When the agent cannot read a file (e.g., an image-based PDF without vision enabled), a system-level guardrail prevents the agent from substituting content from other files. Without this protection, the agent could read a different accessible file and present its content as if it came from the target document. The guardrail ensures that when a file is unreadable, the agent reports the limitation honestly rather than fabricating an answer from unrelated sources.

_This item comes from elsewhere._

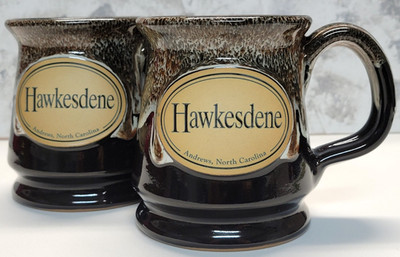 Deneen Pottery 2 Andrews North Carolina Hawkesdene Coffee Mugs Brown Drip Glaze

Descriptive Error Guidance

When a file cannot be read by the read_uploaded_file tool, the error message includes:
  • The detected file type and why it could not be processed
  • A suggestion to enable vision on the model if the file is image-based
  • Alternative approaches the user can try (e.g., exporting to a different format)
This helps users understand and resolve file processing issues without trial and error.

Best Practices

For Administrators

  • Enable vision selectively. Only enable supports_vision on models that genuinely support image input. Misconfiguration wastes tokens on the fallback retry cycle.
  • Start with auto mode. The default behavior is correct for most deployments — vision is used when beneficial and available.
  • Monitor token usage. After enabling vision, watch the token consumption dashboard. If costs spike unexpectedly, adjust DOCUMENT_VISION_MAX_PAGES or DOCUMENT_VISION_DPI.
  • Use the pre-built sandbox image. The Dockerfile.sandbox includes common data-science packages (pdfplumber, Pillow, pandas, etc.) needed for AI code execution against documents. Build it via docker compose or manually with docker build -f Dockerfile.sandbox -t fim-sandbox . to ensure code execution works in --network=none containers.

For End Users

  • PDF gives the best results. When visual fidelity matters, export your Office documents to PDF before uploading.
  • Spreadsheets are fine as-is. XLSX files are extracted as structured tables — vision adds no benefit.
  • Large PDFs may be truncated. If your document exceeds the DOCUMENT_VISION_MAX_PAGES limit, only the first N pages will be rendered as images. The remaining pages are still available as extracted text.
  • Image quality matters. For standalone image uploads, use high-resolution originals when possible. Compressed or low-resolution images reduce the model’s ability to extract details.